» HOW TO COMPLETE THIS TASK
Lines with "documentalistas" in the records below: say how many there are, and add nothing.

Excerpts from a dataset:
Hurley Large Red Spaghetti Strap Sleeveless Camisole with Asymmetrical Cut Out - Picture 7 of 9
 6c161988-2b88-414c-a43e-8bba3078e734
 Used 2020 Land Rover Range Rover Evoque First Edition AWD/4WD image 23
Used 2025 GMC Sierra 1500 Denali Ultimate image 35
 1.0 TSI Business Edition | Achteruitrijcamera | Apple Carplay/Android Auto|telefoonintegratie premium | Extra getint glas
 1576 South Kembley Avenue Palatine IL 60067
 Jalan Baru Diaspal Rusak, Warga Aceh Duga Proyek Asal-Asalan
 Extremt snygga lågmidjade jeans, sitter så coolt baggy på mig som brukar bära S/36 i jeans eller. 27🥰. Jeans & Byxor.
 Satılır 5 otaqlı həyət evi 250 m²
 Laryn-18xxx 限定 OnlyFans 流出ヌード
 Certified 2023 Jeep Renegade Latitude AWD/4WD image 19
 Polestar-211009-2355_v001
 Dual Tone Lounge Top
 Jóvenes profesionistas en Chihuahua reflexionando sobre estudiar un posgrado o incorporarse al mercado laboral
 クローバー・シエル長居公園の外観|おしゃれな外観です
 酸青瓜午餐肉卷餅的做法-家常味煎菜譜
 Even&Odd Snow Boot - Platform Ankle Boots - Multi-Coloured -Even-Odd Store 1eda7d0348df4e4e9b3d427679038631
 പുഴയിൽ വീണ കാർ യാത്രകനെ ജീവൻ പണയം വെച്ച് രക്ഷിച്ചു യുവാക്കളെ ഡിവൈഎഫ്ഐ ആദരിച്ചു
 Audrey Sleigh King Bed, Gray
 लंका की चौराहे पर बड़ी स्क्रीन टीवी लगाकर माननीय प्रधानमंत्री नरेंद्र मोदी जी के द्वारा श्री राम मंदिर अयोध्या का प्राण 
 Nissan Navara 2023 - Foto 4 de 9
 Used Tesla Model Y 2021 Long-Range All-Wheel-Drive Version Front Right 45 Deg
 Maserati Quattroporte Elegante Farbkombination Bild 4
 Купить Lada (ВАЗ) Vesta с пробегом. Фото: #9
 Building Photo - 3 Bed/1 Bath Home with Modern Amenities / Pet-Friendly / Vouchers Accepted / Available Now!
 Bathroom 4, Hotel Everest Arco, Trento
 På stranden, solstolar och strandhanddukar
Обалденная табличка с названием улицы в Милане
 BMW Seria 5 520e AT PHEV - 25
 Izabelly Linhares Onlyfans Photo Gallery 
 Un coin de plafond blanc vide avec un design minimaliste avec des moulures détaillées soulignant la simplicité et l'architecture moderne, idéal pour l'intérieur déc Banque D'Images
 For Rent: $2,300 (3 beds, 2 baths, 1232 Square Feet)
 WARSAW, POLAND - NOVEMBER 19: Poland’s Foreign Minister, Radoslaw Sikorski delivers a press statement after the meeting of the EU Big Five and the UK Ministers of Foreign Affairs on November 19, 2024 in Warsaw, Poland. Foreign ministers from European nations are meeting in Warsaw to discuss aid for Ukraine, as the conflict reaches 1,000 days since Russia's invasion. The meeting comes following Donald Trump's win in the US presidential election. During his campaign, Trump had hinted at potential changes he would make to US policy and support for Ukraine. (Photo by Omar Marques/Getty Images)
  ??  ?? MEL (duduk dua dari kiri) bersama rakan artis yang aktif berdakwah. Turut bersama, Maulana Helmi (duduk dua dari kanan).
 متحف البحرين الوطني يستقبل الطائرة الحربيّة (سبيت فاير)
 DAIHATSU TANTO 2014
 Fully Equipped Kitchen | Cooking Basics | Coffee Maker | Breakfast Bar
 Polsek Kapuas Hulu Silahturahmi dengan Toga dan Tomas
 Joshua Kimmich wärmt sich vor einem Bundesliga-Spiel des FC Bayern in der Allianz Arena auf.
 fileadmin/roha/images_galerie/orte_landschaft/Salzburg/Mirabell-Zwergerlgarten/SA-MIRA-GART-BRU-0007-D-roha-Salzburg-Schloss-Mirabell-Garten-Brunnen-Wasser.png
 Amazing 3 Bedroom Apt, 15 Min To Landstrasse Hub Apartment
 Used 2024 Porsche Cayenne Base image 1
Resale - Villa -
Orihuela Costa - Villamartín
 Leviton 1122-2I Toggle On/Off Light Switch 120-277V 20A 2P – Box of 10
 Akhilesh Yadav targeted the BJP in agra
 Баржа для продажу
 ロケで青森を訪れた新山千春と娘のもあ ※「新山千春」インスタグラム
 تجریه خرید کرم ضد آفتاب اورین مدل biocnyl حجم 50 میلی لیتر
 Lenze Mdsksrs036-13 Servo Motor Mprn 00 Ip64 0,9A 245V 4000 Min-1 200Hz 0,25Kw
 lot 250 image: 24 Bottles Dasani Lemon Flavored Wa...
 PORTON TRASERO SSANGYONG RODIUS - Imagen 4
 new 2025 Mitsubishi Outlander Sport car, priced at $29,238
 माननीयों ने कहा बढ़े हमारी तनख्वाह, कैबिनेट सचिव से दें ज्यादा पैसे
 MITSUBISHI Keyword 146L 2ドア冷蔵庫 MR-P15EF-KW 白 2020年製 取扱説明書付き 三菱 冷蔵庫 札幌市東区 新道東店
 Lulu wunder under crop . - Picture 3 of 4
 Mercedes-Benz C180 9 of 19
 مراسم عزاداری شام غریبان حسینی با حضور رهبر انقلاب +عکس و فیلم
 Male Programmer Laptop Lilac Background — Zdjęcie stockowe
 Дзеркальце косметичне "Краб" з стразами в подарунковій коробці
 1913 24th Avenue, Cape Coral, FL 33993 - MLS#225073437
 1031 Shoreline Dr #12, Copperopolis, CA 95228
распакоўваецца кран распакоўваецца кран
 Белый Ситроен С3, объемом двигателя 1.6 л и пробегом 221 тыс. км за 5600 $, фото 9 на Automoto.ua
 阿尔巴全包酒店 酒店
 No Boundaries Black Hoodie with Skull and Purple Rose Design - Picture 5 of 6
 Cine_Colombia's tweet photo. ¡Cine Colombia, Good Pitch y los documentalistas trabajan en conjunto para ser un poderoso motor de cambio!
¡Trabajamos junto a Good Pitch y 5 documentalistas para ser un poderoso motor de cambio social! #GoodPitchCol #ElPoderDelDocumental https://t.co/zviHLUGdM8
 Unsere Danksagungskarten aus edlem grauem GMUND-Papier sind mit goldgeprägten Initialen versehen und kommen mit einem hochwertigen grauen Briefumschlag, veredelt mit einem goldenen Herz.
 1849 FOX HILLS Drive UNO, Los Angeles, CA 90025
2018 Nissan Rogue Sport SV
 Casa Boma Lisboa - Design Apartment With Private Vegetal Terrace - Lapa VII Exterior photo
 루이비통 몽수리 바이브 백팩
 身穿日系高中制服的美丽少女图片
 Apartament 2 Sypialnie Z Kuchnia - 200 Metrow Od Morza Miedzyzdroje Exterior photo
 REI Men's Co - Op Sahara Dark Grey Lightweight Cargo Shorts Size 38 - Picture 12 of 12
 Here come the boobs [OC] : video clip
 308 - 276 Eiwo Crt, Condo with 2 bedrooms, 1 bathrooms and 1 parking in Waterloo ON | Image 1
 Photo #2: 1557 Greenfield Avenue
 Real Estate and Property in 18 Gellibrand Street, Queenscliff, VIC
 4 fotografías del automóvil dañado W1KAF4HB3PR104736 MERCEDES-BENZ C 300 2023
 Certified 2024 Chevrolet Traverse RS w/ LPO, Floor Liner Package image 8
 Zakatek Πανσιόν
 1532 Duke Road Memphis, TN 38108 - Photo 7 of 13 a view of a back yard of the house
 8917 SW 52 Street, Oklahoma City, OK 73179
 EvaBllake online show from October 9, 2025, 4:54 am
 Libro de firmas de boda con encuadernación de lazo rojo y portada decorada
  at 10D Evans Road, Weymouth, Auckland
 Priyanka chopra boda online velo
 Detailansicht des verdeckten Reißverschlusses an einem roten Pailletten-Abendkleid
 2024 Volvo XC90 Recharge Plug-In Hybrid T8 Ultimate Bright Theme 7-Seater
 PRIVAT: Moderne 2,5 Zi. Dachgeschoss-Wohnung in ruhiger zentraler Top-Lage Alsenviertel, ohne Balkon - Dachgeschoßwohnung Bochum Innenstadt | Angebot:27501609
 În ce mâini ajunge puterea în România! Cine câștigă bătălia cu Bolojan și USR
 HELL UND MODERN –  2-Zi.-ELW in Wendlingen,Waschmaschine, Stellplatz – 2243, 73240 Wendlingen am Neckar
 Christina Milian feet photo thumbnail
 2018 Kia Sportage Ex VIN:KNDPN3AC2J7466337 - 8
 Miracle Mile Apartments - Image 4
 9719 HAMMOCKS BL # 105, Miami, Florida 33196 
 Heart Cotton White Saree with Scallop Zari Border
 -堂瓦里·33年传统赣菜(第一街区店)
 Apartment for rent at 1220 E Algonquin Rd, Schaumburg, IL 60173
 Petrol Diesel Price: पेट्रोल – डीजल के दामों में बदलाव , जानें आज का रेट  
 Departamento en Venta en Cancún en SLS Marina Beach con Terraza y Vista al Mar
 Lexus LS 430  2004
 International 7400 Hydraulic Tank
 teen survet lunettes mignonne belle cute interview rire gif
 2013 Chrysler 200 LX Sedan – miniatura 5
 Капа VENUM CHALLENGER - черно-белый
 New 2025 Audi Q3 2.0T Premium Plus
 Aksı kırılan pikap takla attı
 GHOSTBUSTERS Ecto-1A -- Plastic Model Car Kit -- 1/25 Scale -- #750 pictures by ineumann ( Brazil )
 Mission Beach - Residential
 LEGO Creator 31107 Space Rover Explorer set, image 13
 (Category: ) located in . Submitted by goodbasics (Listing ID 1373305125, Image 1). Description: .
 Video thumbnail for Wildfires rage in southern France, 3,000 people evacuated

» RESPONSE
2